Skip every picture and copy only the lines from the one containing "Casque Skurb Kid" to the final line of the records below.

Brief descriptive captions
----
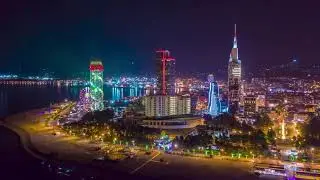 Welcome to Georgia- Batumi Night Life
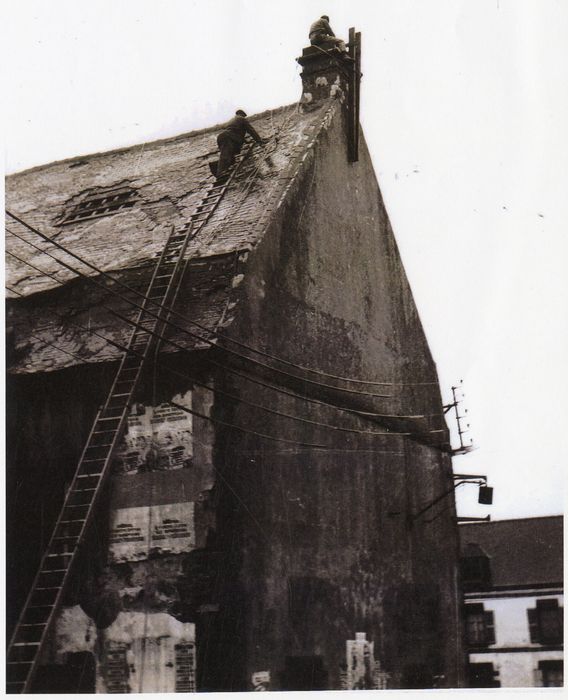 pignon ouest (photocopie numérisée)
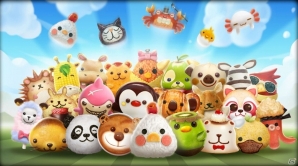 iOS/Android「くっつきパズル ピコ」事前登録数が20万件を突破！登録者全員にゲーム内通貨ダイヤモンド50個がプレゼントの画像6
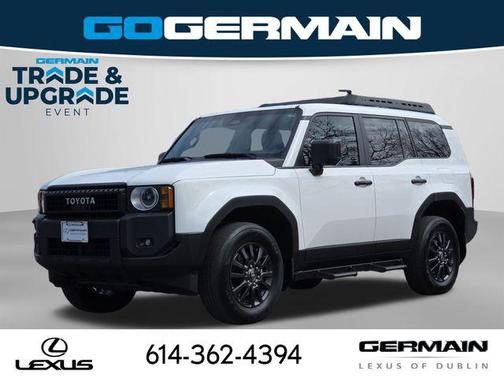 Ice Cap 2024 Toyota Land Cruiser 1958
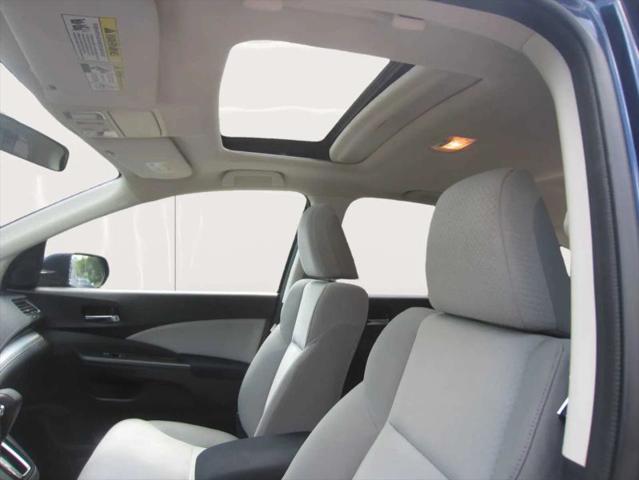 2016 Honda CR-V EX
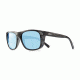 Revo Lukee Sunglasses, Black Woodgrain Frame, Blue Water Lens, Polarized, RE 1020 01 GBL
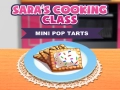 Gioco Corso di Cucina di Sara: Mini Pop-Tarts in linea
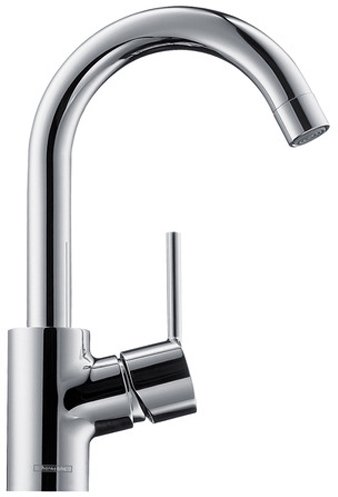Смеситель Hansgrohe Talis S 32070000 для раковины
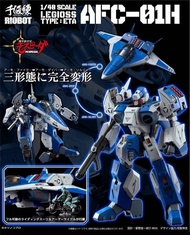 千值練 RIOBOT 1/48 LEGION TYPE ETA AFC-01H 機甲創世紀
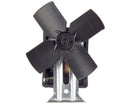 Motor do ventilador da frigorífico Bosch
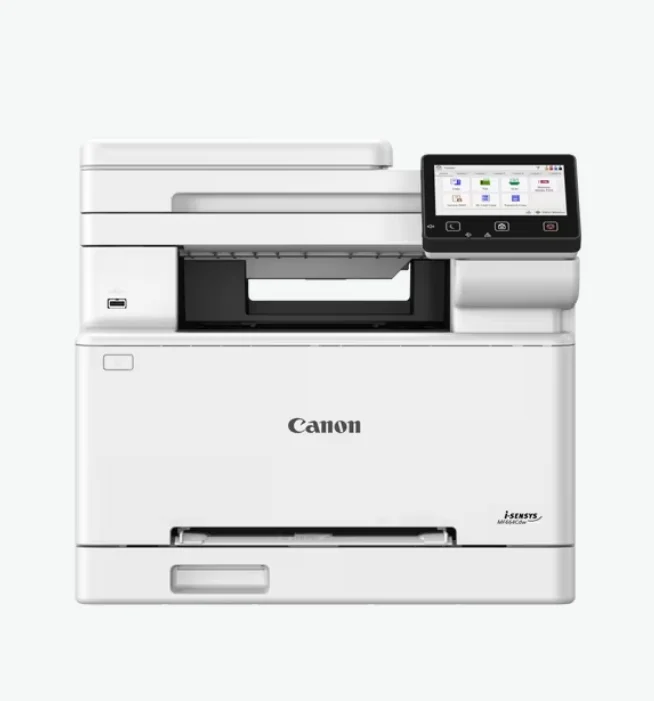 Цветно лазерно многофункционално устройство Canon i-SENSYS MF667Cdw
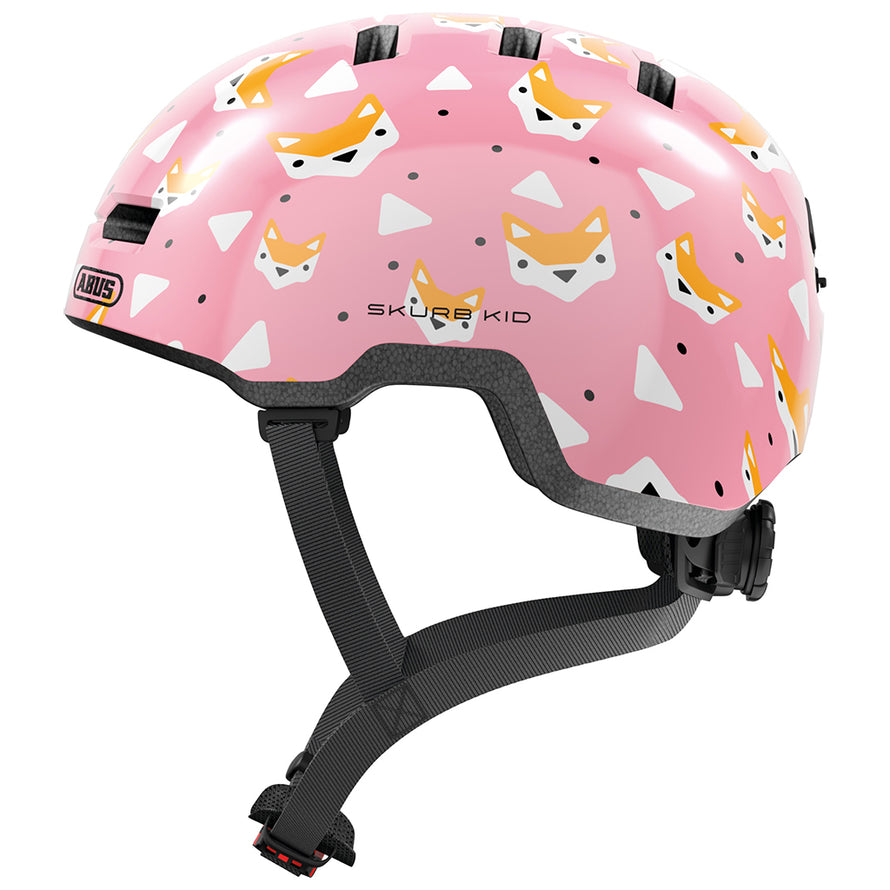  Casque Skurb Kid   (M, Rose foxes)
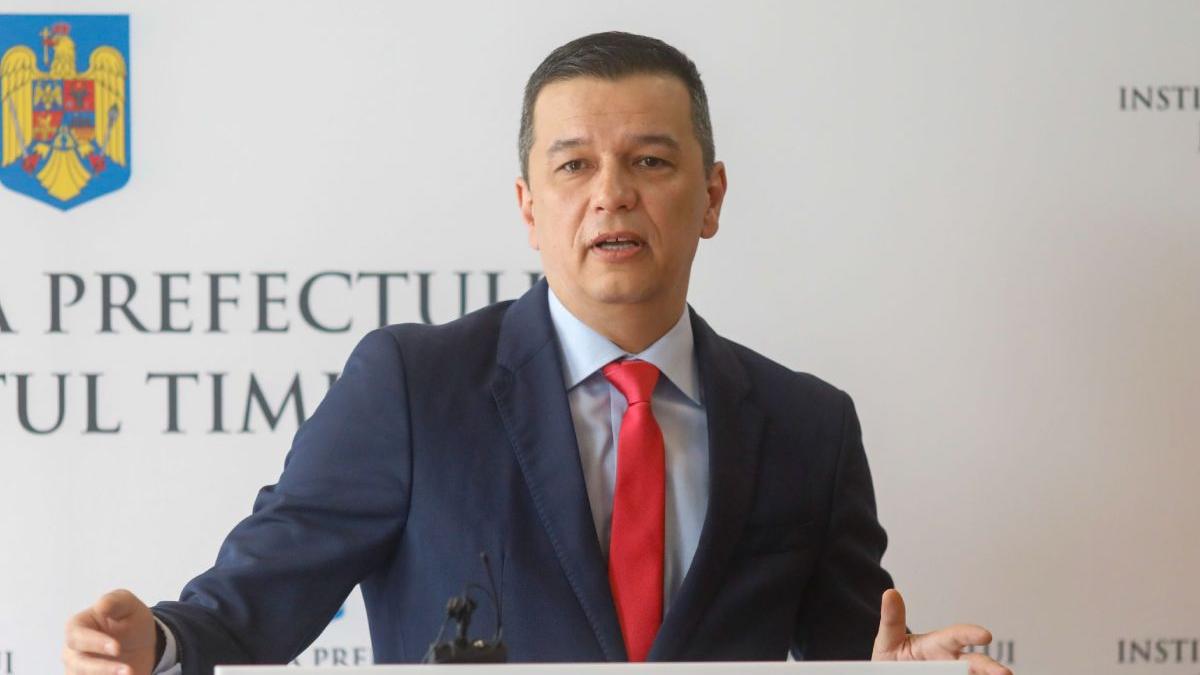 Sorin Grindeanu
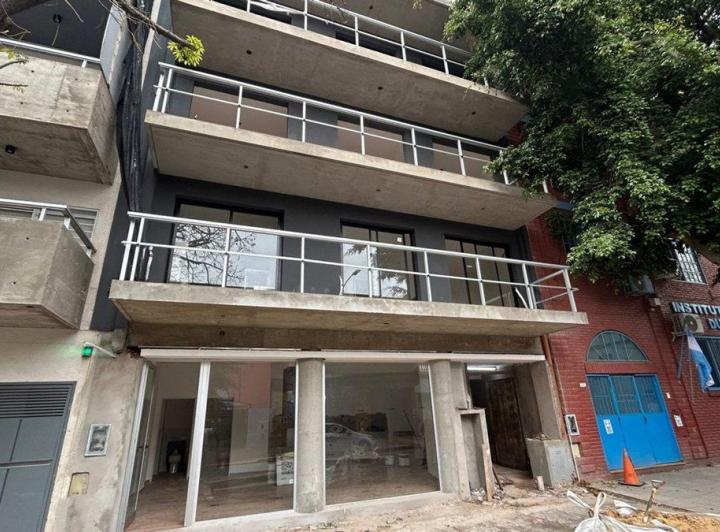 Venta Fte Monoambiente V. Ortuzar Amenities Aire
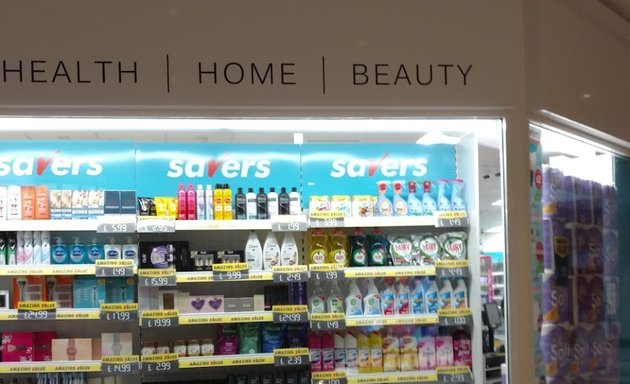 Photo of Savers Health & Beauty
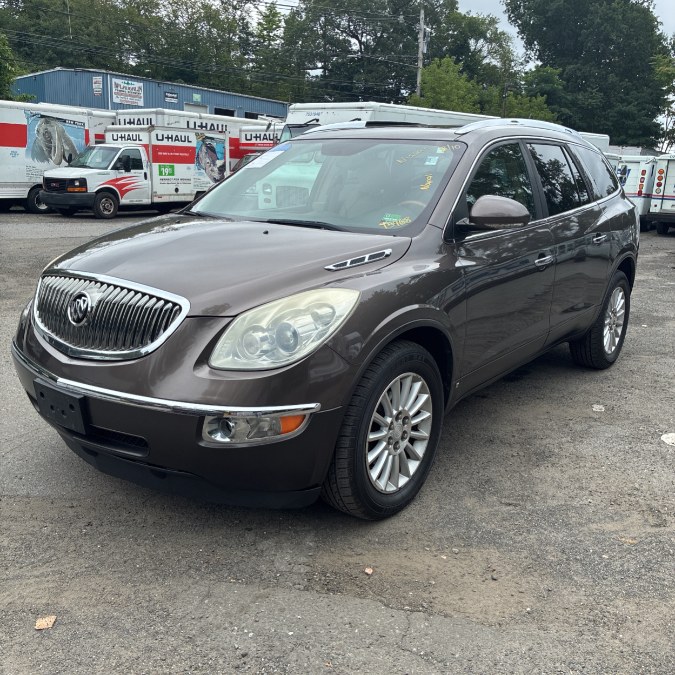 2008 Buick Enclave AWD 4dr CXL, available for sale in Naugatuck, Connecticut | Riverside Motorcars, LLC. Naugatuck, Connecticut 2008 Buick Enclave AWD 4dr CXL, available for sale in Naugatuck, Connecticut | Riverside Motorcars, LLC. Naugatuck, Connecticut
----
Solution for this exercise:
  Casque Skurb Kid   (M, Rose foxes)
 Sorin Grindeanu
 Venta Fte Monoambiente V. Ortuzar Amenities Aire
 Photo of Savers Health & Beauty
 2008 Buick Enclave AWD 4dr CXL, available for sale in Naugatuck, Connecticut | Riverside Motorcars, LLC. Naugatuck, Connecticut 2008 Buick Enclave AWD 4dr CXL, available for sale in Naugatuck, Connecticut | Riverside Motorcars, LLC. Naugatuck, Connecticut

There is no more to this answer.